## AIM OF THE TASK
Set down, exactly as written, the lines from the line holding "It's also very, very" to the end of the data, inclusive, skipping any pictures.

## PROVIDED MATERIAL
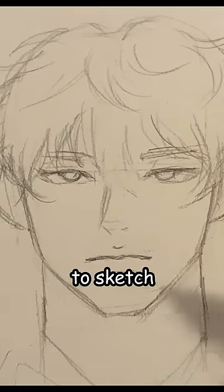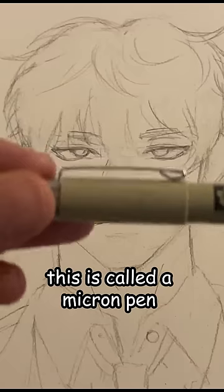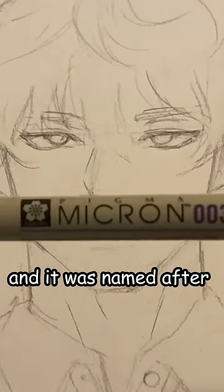First, use a regular pencil to sketch. Then let's use a pen to do line art. This is called a micron pen, and it was named after your dad's peepee.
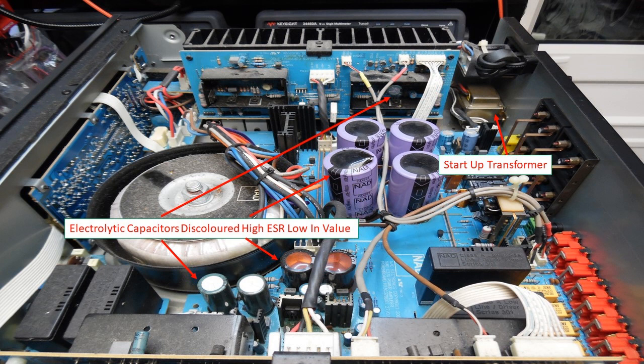It features an impedance sense circuit which NAD designed to adjust the power supply, ensuring maximum voltage and current is applied even if the impedance changes from 8 ohms to 4 ohms. It has seven inputs, a headphone socket, and two speaker output connections for speaker set A and speaker set B.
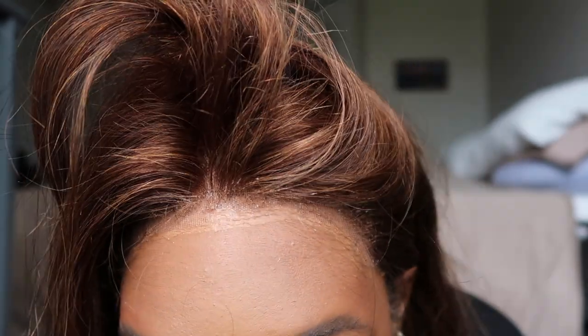It's also very, very soft. But it's really, really hard to blend this lace. I tried my hardest and it's still just a little light — maybe if they used a lighter lace, that would work. It does shed, not as bad as most wigs, but it does shed a little bit.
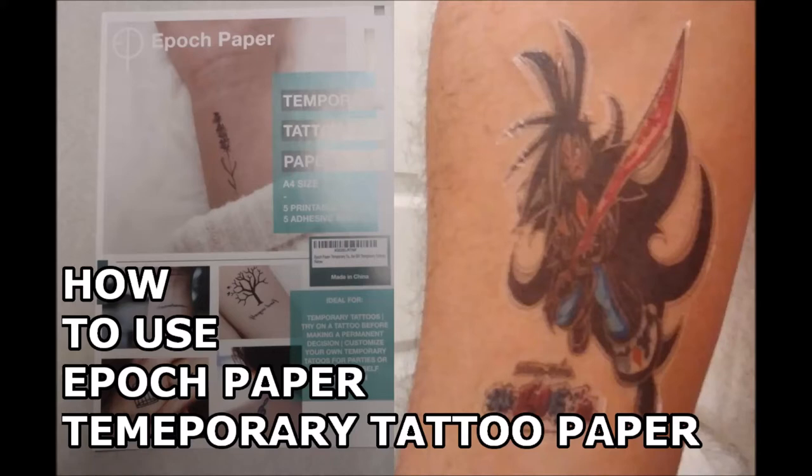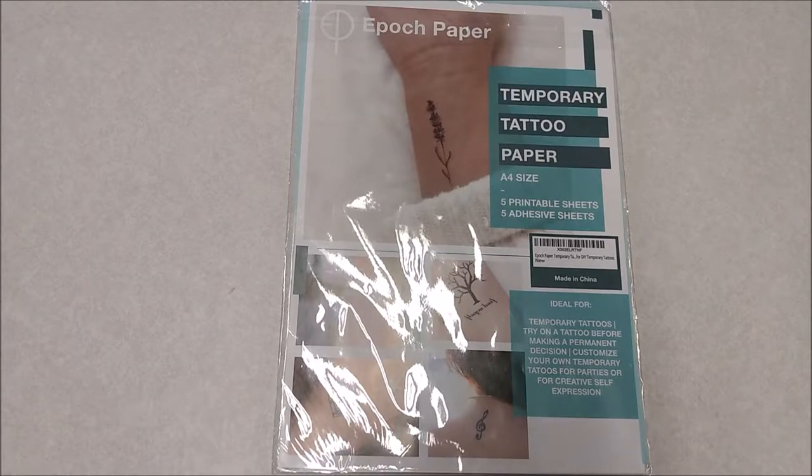Hi everyone, here's my video on how to use Epic Paper Temporary Tattoo Paper. Let's get started with our temporary tattoos.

## RESULT
It's also very, very soft. But it's really, really hard to blend this lace. I tried my hardest and it's still just a little light — maybe if they used a lighter lace, that would work. It does shed, not as bad as most wigs, but it does shed a little bit.
Hi everyone, here's my video on how to use Epic Paper Temporary Tattoo Paper. Let's get started with our temporary tattoos.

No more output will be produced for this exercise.